By Diane Madigan
Independent Special Writer
At its regular meeting Feb. 11, the Van Buren Township Local Development Finance Authority heard a presentation on methods used to determine the property value of Grace Lake – the former Visteon Village.
The value is an issue of contention in the legal wrangling over the bonds the township backed for Visteon which will be coming up short for payment in a few years.
The LDFA had requested the township Assessing Department explain the situation and Assessment Coordinator Linda Stevenson and contracted Assessor Robert Brandmier addressed the group.
Arthur Mullen, VBT director of planning and economic development, told the LDFA there are three approaches to market value and then turned to Stevenson and Brandmier to continue.
Brandmier gave a history of the sale of the Visteon property. At the time of the sale to Sovereign Partners, Sovereign was concerned with the property value and tax abatements that were given to Visteon.
A team was formed, consisting of Stevenson, Brandmier, VBT attorney Patrick McCauley, and Trustee Phil Hart, with people from Wayne County staying in constant communication with the State Tax Commission.
Brandmier said a cost approach to assessing the value of the property was thrown out by the State of Michigan Tax Tribunal as not being a good indicator of value.
According to Brandmier, the market value approach was not used because at that time, the market was in bad shape. Even though the property was sold for $82 million it is valued at $64 million. It is illegal to value a property at sale price, he said.
He said the income approach was used. The property Visteon was still holding was put back onto the unabated/regular roll bringing tax revenue to the township and school district.

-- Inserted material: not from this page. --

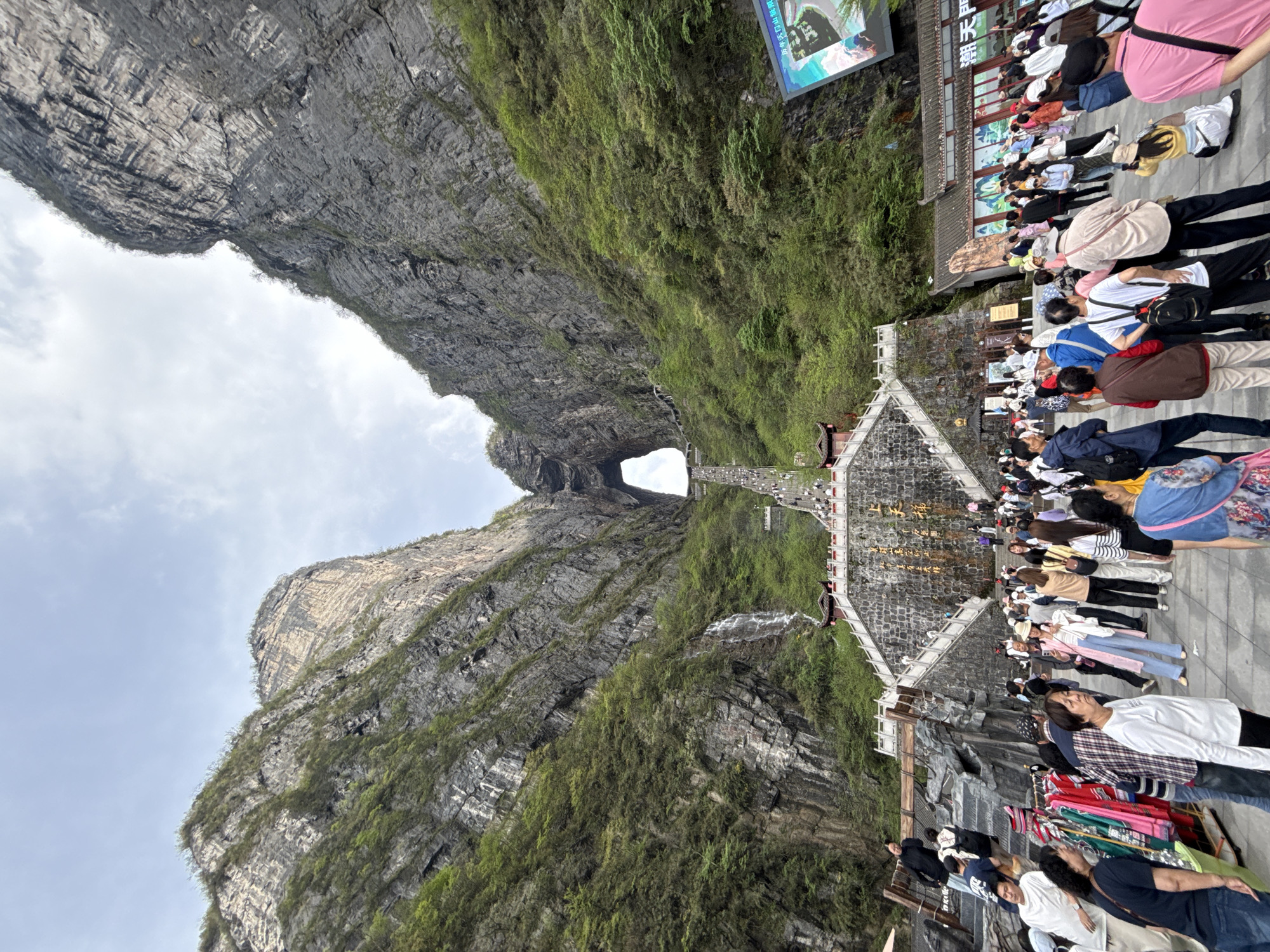 The image shows the Tianmen Cave, or "Heaven's Gate," a large natural arch in Tianmen Mountain, located near Zhangjiajie City, Hunan Province, China. The arch is visible in the distance between the two sides of a large mountain. In the foreground, there is a paved area crowded with tourists. The slope of the mountain is covered in vegetation. The image is taken from below, looking up at the arch and the surrounding area.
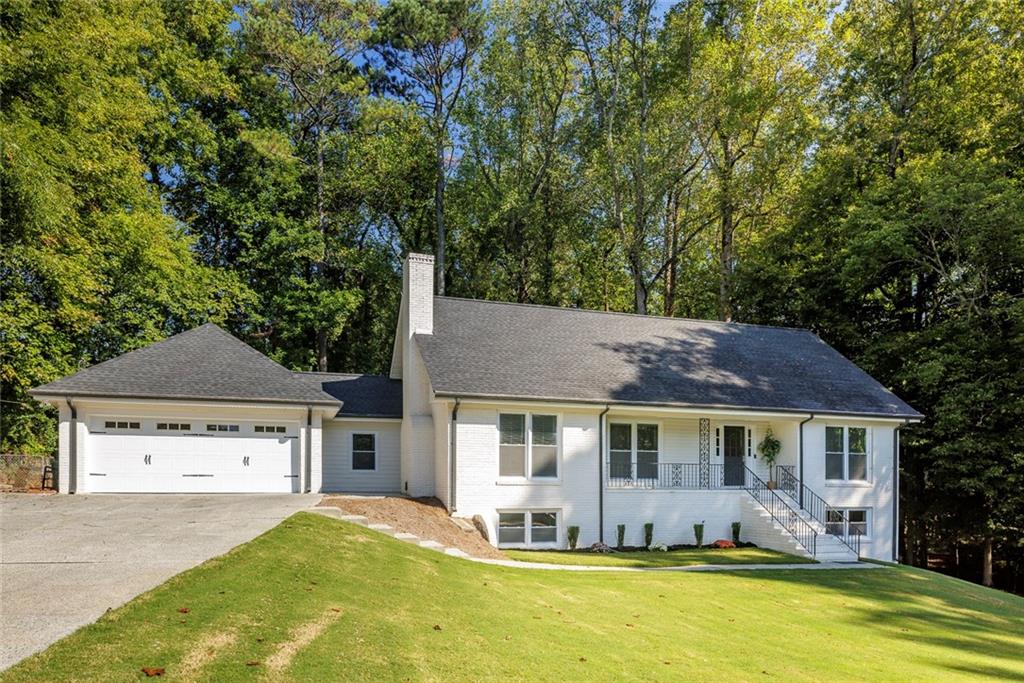 a front view of a house with a yard and outdoor seating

For 2012-13, Sovereign paid $22,000 more in taxes than before the sale, he said.
Brandmier said industrial property value equalization for 2014 is down 12% overall.
“This year the Visteon property assessment will not be changed,” he said, with the township making the adjustments, pluses or minuses, where they are needed.
He said the equalization is now done by property class, i.e. industrial, commercial, and residential.
Director Mullen asked for an outlook/projection for equalization and Brandmier said the residential class is increasing, commercial is a little flat and may go down a little more for another year. Industrial class is flat.
John Delaney asked from the audience if there were plans to market the out-lots for development at Sovereign.
Chairman Dotson said LDFA member Richard Gavalier brought that up at a previous meeting, asking what is the township doing to try to build, try to grow, and do some more over there to try to get some more income from that property.
VBT Supervisor Linda Combs said, again, that she would call Sovereign and set up a meeting with Director Mullen and herself and possibly Chairman Dotson to discuss that with them.
At the December meeting Supervisor Combs volunteered to check with Sovereign Partners to see if it had a broker for the property.
From the audience Carl Johnson asked Brandmier, “If you had a crystal ball what would the incremental increase look like moving forward?”
“At the Sovereign piece, it will go up very slowly,” Brandmier said, adding, the market value of those types of property don’t increase that much. If you only have one sale on that type of property every three or four years, it’s difficult to access or appraise the market value, he said.
The Independent asked if other properties in the district show any signs of growth. Stevenson said there may be an increase in personal property but they’re not due until Feb. 20.
The Independent also asked Dotson if the budget would need to be adjusted for a lack of increased tax revenue. The 2014 LDFA budget anticipates a $75,000 increase in tax revenue.
Director Mullen answered that the budget is based on projected income going forward.
Mullen added, “We’ve got a rainy day fund (bankruptcy settlement) and excess income fund (interest on settlement) to pay off the bonds through February 2018.”
“I thought you were basing that (budget) on not having this big growth going. It’s just kinda flat,” said Stevenson, who is president of the Michigan Assessors Association.
“What will happen is that we will start paying on a second class of bonds this year or next year that will increase our payments and that’s where we will really end up going underwater in the repayment,” Mullen replied. “Right now we’re almost having enough income to pay it.” He referred to the $477,496 that is not being collected in the district and is coming out of the settlement.
In other business at the Feb. 11 meeting, the LDFA:
• Approved amending the bylaws to change the frequency the LDFA meets to every other month instead of every month. This change requires township board approval. Additional special meetings can be called as needed; and
• Discussed and left unchanged the current attendance policy that states three unexcused absences by any member will result in automatic resignation. Dotson said unexcused absences will not have a per-year time frame and stressed the importance of continuity of business.